A few of the limousines were made as landaulets with a convertible top over the rear passenger compartment. These were notably used by the Pope and the German government, as during the 1965 visit of Queen Elizabeth II, when she was accompanied by Kurt Georg Kiesinger in open-top tour in Baden-Württemberg. Production of this model ended in 1980.
Mercedes also made two coupés, one as a gift retirement for Dr. Rudolf Uhlenhaut, one of the model's three designers. A third was constructed from a 600 SWB by Karl Middelhauve and Associates.
A single example of a 4-door landaulet combining the handling of a short-wheelbase with the qualities of a landaulet, was built by Mercedes in 1967 for former racing driver Count von Berckheim.
The 600's great size, weight, and numerous hydraulically driven amenities required more power than Mercedes' largest engine at that time, the 6-cylinder 300, could produce. A new V8 with more than twice the capacity was developed, the 6.3 L "M100". It featured single overhead camshafts (SOHC) and Bosch mechanical fuel injection.

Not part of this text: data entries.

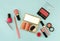 Beauty flat lay with woman make up products and accessories in pink colour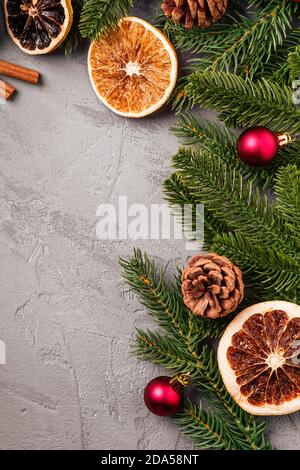 Composizione di Natale. Palline, cannella, anice, frutta secca, coni di pino e decorazioni ad aghi di abete su sfondo grigio. Spazio di copia vista dall'alto Foto Stock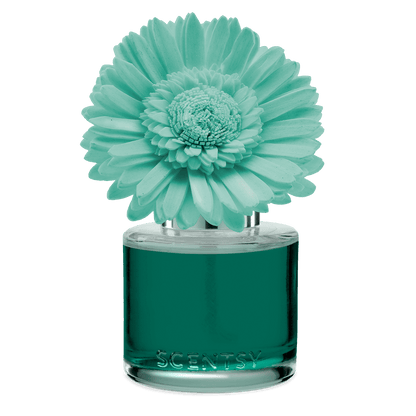 Scentsy diffuser with a large turquoise flower on a black background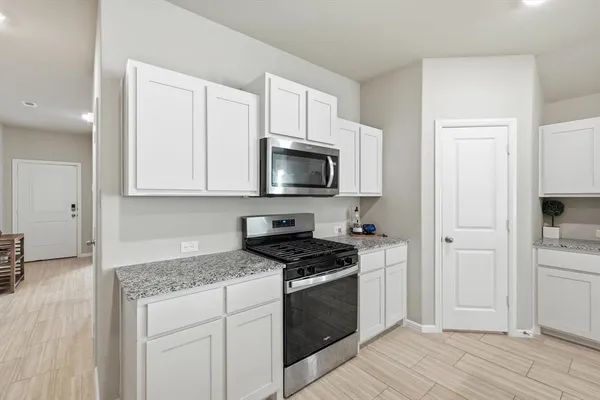 a kitchen with granite countertop white cabinets and stainless steel appliances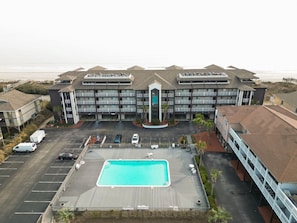 Front View of Condo Building and Pool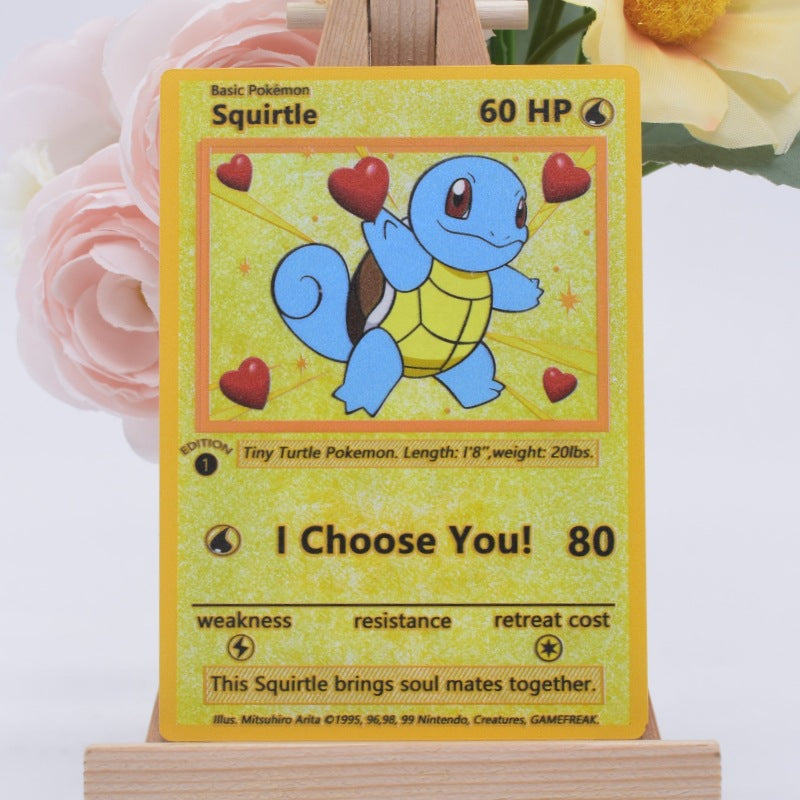 A collectible Squirtle trading card displayed upright on a small wooden stand, with soft pink and yellow flowers blurred in the background.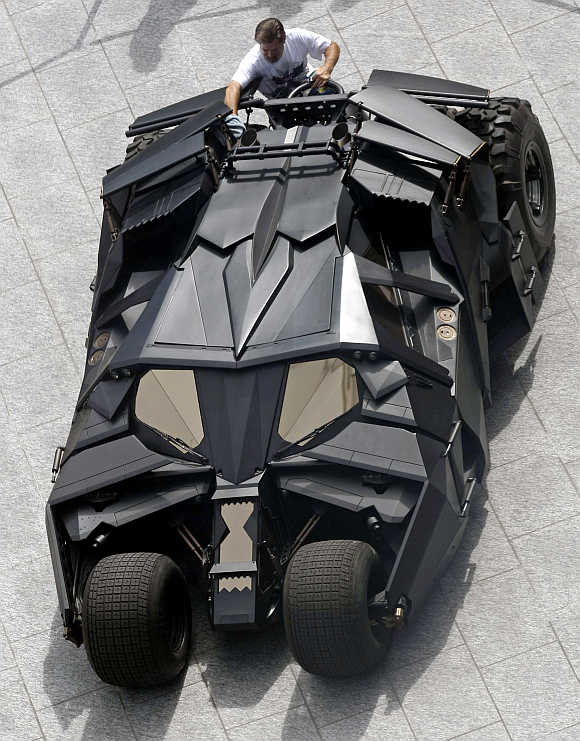 A workman polishes The Tumbler Batmobile during a promotional stop in downtown Toronto, Canada.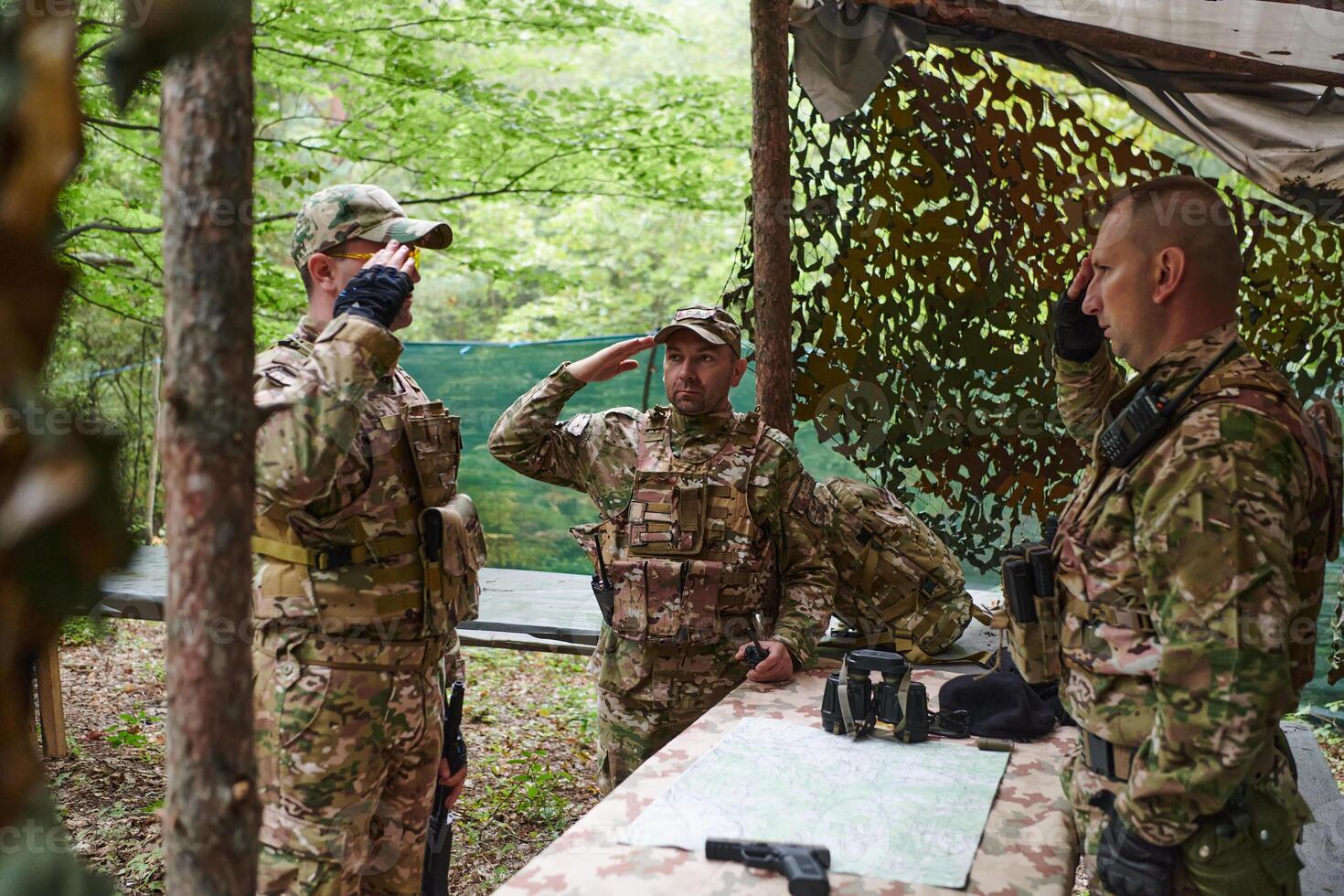 A highly trained military unit strategizes and organizes a tactical mission while studying a military map during a briefing session photo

The 600's complex 150-bar (2,176 psi) hydraulic pressure system powered the automobile's windows, seats, sun-roof, boot lid, and automatically closing doors. Adjustable air suspension delivered excellent ride quality and sure handling over any road surface.
In 1967 the M-100 engine and hydraulics were fitted to the much smaller but still substantial 300SEL 6.3, creating the world's fastest four-door sedan. Upon the introduction of the "W116" chassis, a larger 6.9 liter version of M-100 was installed in the Mercedes-Benz 450SEL 6.9.
Famous owners of the 600 have included the Pope and celebrities such as Coco Chanel, Hugh Hefner, Elizabeth Taylor, John Lennon, George Harrison, Karen Carpenter, Jay Kay, Aristotle Onassis, Jack Nicholson, Simon Spies, Ronnie Wood, Bob Jane, Frank Packer, Elvis Presley, Rowan Atkinson, Jay Leno and Jeremy Clarkson.
Notable heads of state included Park Chung-hee, Josip Broz Tito, Nicolae Ceaușescu, Pol Pot, Enver Hoxha, Francois (Papa Doc) Duvalier, Jean-Bédel Bokassa, Emperor Hirohito, F. W. de Klerk, Leonid Brezhnev, Idi Amin, Fidel Castro, Robert Mugabe, Daniel Moi, Ferdinand Marcos (who owned four, including a Landaulet, a 1981 bulletproof and a six-door version.), Kim Il-sung, Kim Jong-il also owned a landaulet (both seen in the 65th anniversary parade in Pyongyang on October 10, 2010), and Saddam Hussein, who owned a long roof landaulet that was recovered after the fall of Baghdad today owned by the Petersen Museum in Los Angeles. Iranian Shah Mohammad Reza Pahlavi and the royal court owned multiple 600 models. Chinese revolutionary Mao Zedong, former Chinese Foreign Minister Chen Yi, Deng Xiaoping, wife of the first Chinese Premier Zhou Enlai - Deng Yingchao, and the former King of Cambodia Norodom Sihanouk, all used the 600. The first Senegalese regime (1960–1980) under president Léopold Sédar Senghor had three 600s, a short wheel base, a long wheel base, and a Landaulet.
Religious leader Guru Maharaj Ji owned one, as did Colombian, drug dealer Pablo Escobar, a LWB six-door 600.